[Saved entries]
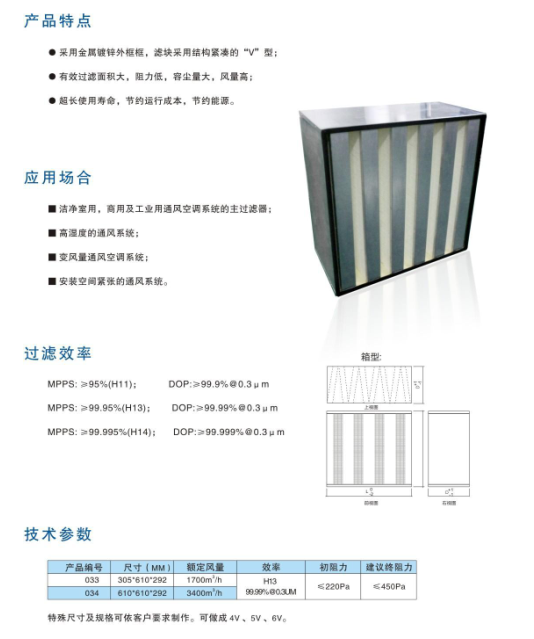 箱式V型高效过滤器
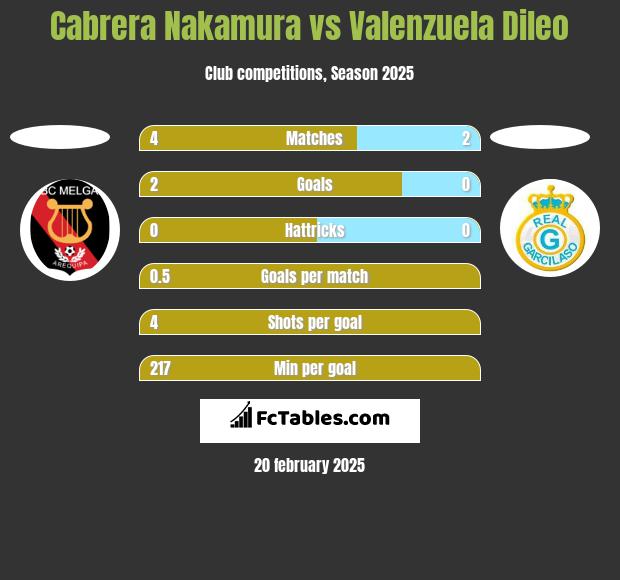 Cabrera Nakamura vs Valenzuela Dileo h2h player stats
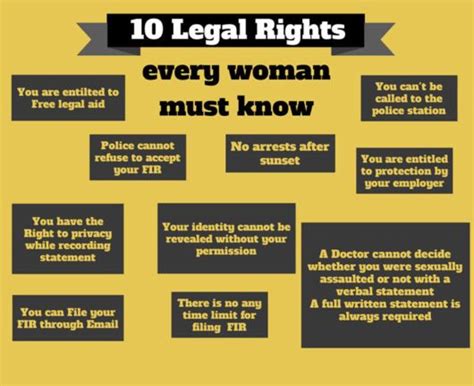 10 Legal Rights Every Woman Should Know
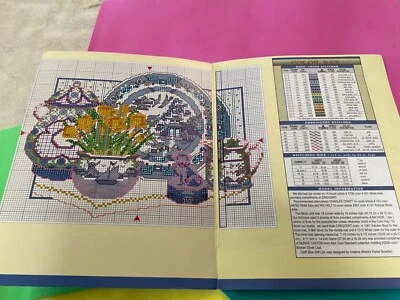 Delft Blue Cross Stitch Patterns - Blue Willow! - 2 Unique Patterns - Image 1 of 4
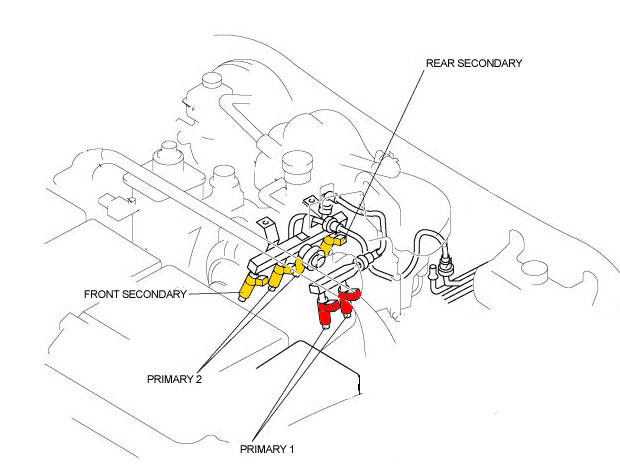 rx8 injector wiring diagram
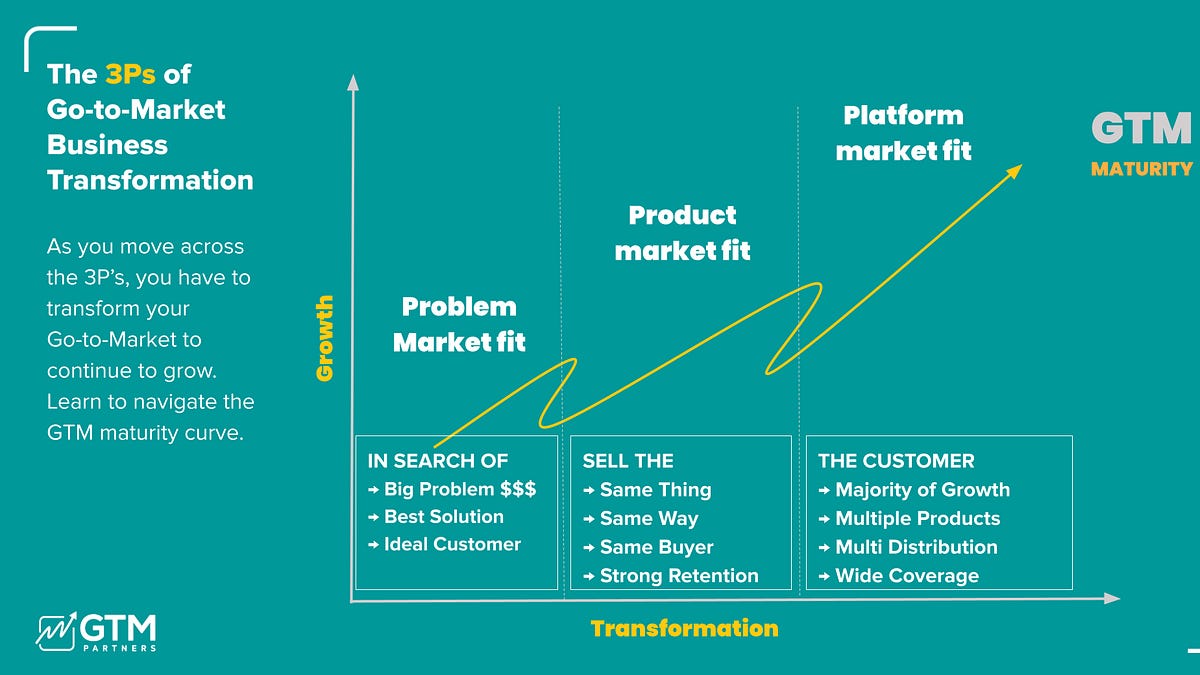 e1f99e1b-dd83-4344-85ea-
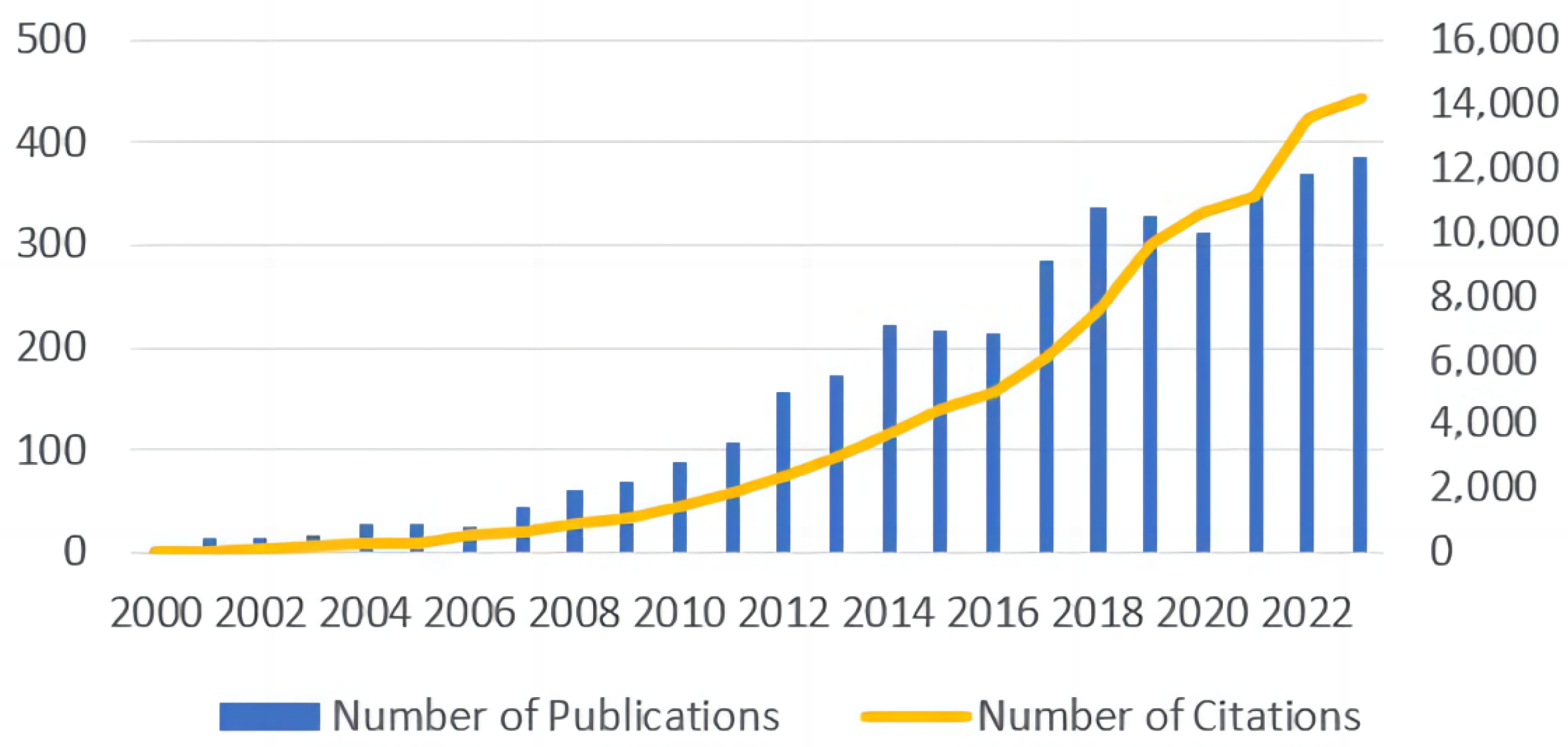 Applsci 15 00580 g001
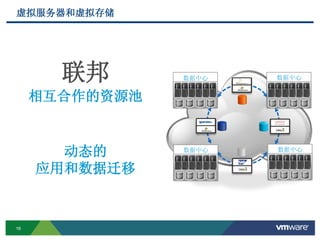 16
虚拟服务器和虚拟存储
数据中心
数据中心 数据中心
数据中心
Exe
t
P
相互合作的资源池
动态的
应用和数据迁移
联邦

_TASK STATEMENT_
Once the pictures are removed, reproduce the remaining entries above exactly.

_SOLUTION TO THIS TASK_
 箱式V型高效过滤器
 Cabrera Nakamura vs Valenzuela Dileo h2h player stats
 10 Legal Rights Every Woman Should Know
 Delft Blue Cross Stitch Patterns - Blue Willow! - 2 Unique Patterns - Image 1 of 4
 rx8 injector wiring diagram
 e1f99e1b-dd83-4344-85ea-
 Applsci 15 00580 g001
 16
虚拟服务器和虚拟存储
数据中心
数据中心 数据中心
数据中心
Exe
t
P
相互合作的资源池
动态的
应用和数据迁移
联邦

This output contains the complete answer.